The terms enterprise, racketeering activity, and pattern as used above are terms of art. An "enterprise" is a legal entity or association in fact. 18 U.S.C. § 1961(4). "Racketeering activity" includes any act indictable under a variety of state and federal criminal statutes including the mail fraud statute, 18 U.S.C. § 1341, and the wire fraud statute, 18 U.S.C. § 1343. See 18 U.S.C. § 1961(1).*fn10 A "pattern" requires at least two acts of racketeering activity, one of which occurred after the effective date of the RICO statute and the last of which occurred within ten years (excluding any period of imprisonment) after the commission of a prior act of racketeering activity. 18 U.S.C. § 1961(5).

A. Enterprise

Under § 1962(c), the term enterprise "connotes generally the vehicle through which the unlawful pattern of racketeering activity is committed, rather than the victim of that activity." National Organization for Women, Inc. v. Scheidler, 510 U.S. 249, 259, 114 S.Ct. 798, 127 L.Ed.2d 99 (1994). "The 'enterprise' is not the 'pattern of racketeering activity'; it is an entity separate and apart from the pattern of activity in which it engages. United States v. Turkette, 452 U.S. 576, 583, 101 S.Ct. 2524, 69 L.Ed.2d 246 (1981). The existence of an enterprise "is proved by evidence of an ongoing organization, formal or informal, and by evidence that the various associates function as a continuing unit." Id.

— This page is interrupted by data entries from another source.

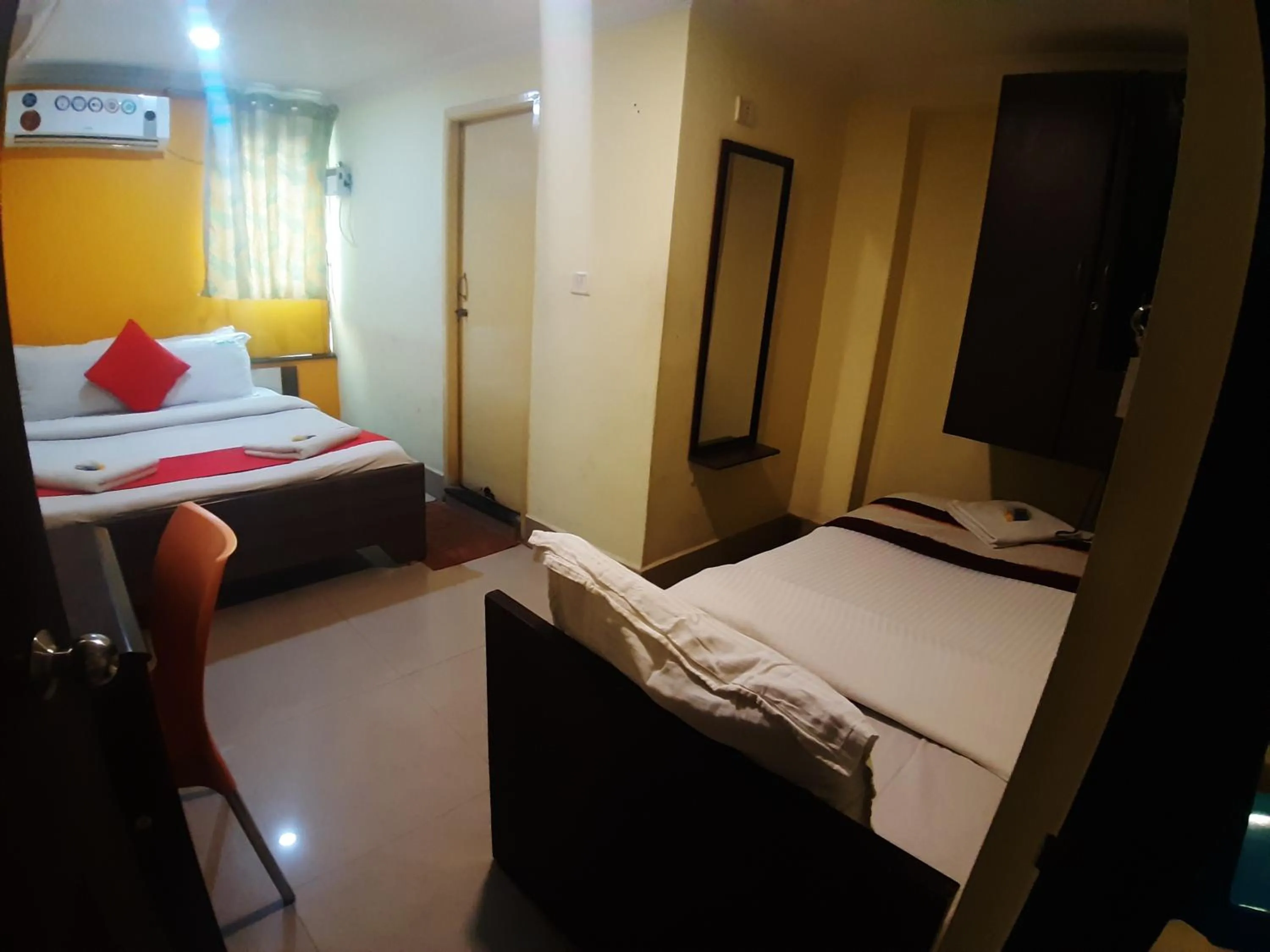 Bed in Hotel Akash inn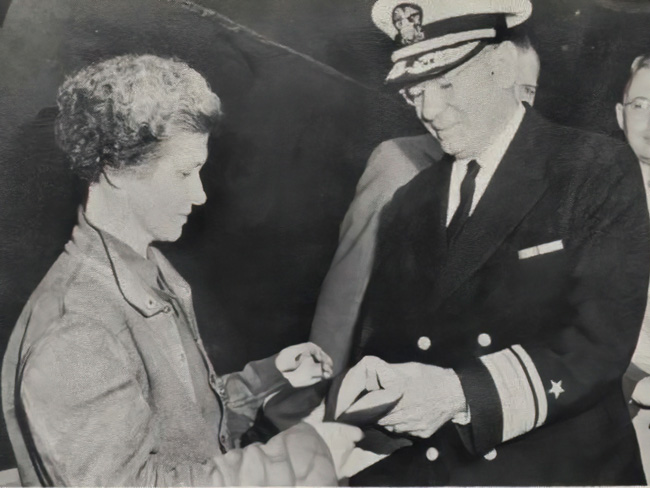 玛丽卡罗尔接受价值旗帜从海军少将霍华德·l·维克瑞7月19日,1942年。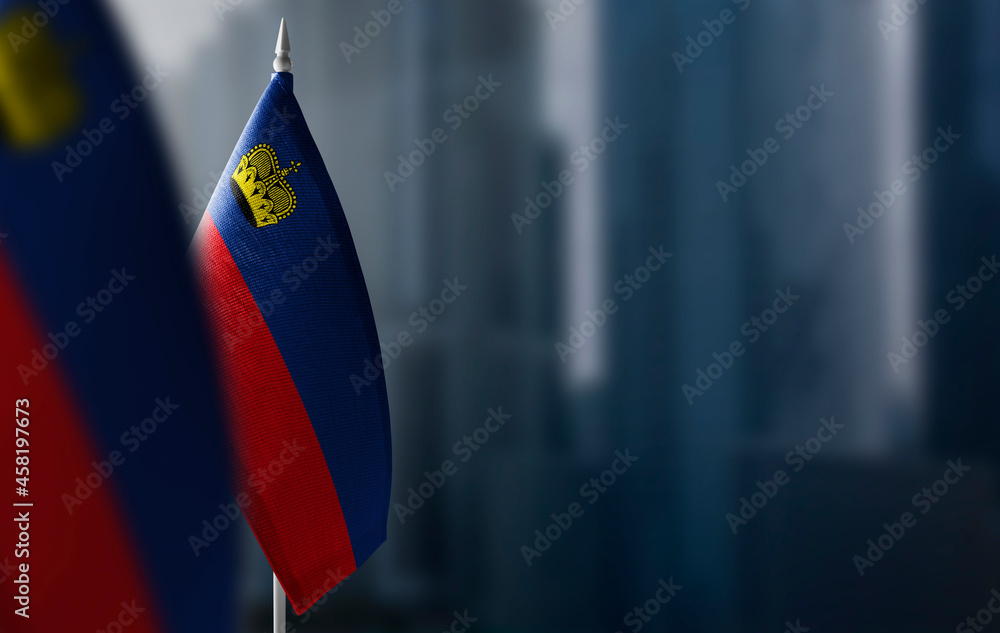 Small flags of Liechtenstein on a blurry background of the city - obrazy, fototapety, plakaty 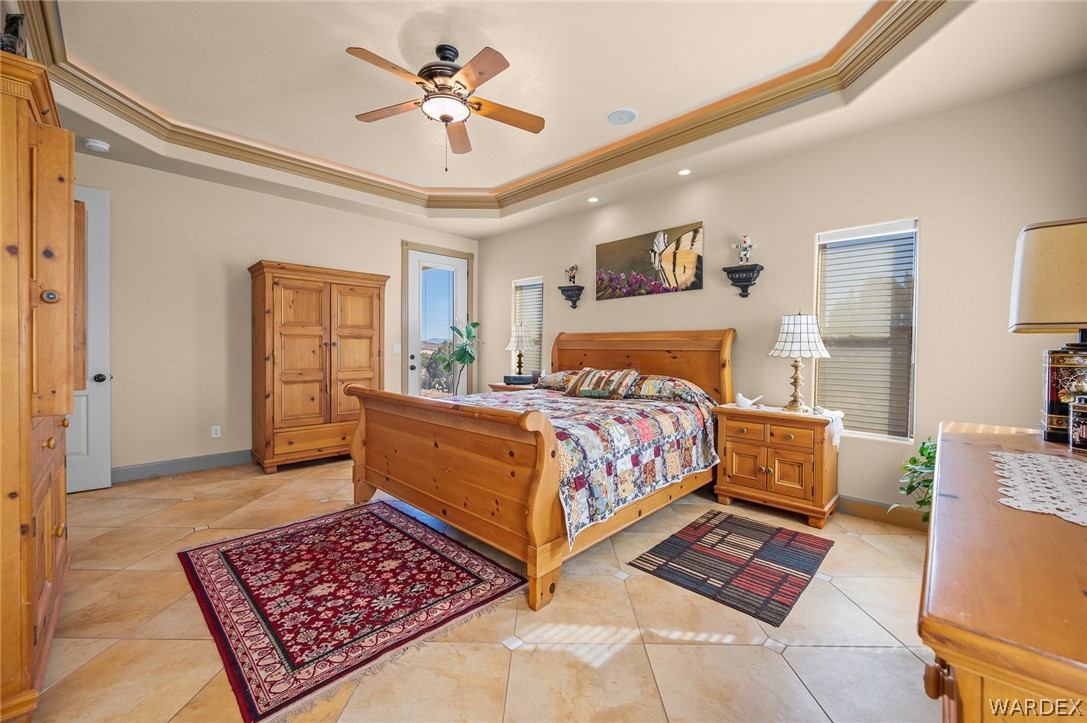 5840 North Cedar Ridge Lane Kingman, AZ 86409 - Photo 33 of 89 a bedroom with a bed a dresser and painting on the wall
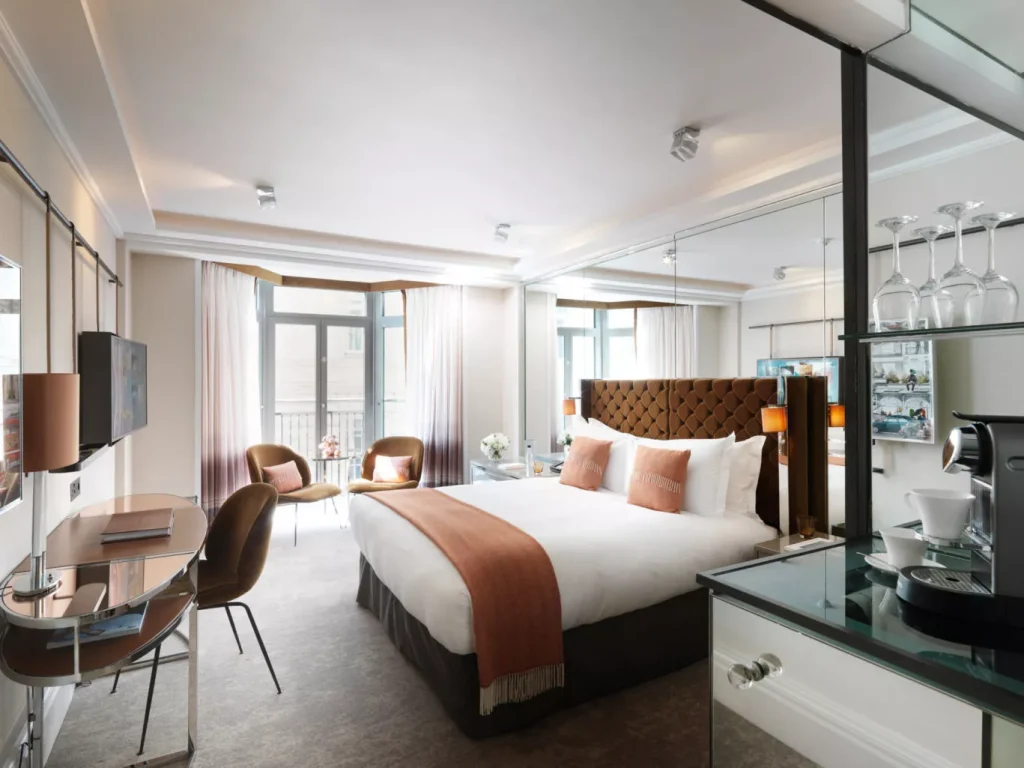 Modern hotel room with a large bed, brown and white bedding, two brown chairs by a window, a desk with a chair, and a glass shelf with glasses and a coffee machine. Light fills the room through large windows.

Plaintiffs' allegations of an enterprise are conclusory. The Complaint refers only to "an enterprise consisting of the individual Defendants," Compl. ¶ 3, "[t]he arrangement between the Defendants's [sic]", id. ¶ 5, and mere use of the term in allegations repeating the language in the RICO statute. See id. ¶ 17 ("all Defendants did acquire and/or maintain, directly or indirectly, an interest in or control of a RICO enterprise of individuals who were associated in fact); see also id. ¶¶ 23-24. These allegations do not plead a formal or informal association.

Moreover, the enterprise must be separate from the pattern of racketeering activity. Turkette, supra; First Capital Asset Mgmt., Inc. v. Satinwood, Inc., 385 F.3d 159, 173 (2d Cir. 2004). "If the sole purpose of the alleged enterprise is to perpetuate the alleged fraud, there can be no enterprise for RICO purposes." Atkins v. Apollo Real Estate Advisors, L.P., 2008 WL 1926684, at *15 (E.D.N.Y. Apr. 30, 2008) (citing Goldfine v. Sichenzia, 118 F. Supp.2d 392, 401 (S.D.N.Y. 2000)); see also Gristede's Foods, Inc. v. Unkechauge Nation, 532 F. Supp.2d 439, 447 (E.D.N.Y. 2007) ("To state a claim under Section 1962(b), a plaintiff must allege that he suffered an injury resulting from the defendant's acquisition or maintenance of its interest [in an enterprise], as distinct from an injury caused by the predicate acts alone") (citations and internal quotation marks omitted); First Capital Asset Mgmt., Inc., 385 F.3d at 174 (no enterprise where plaintiffs failed "to detail any course of fraudulent or illegal conduct separate and distinct from the alleged predicate racketeering acts themselves") (emphasis in original).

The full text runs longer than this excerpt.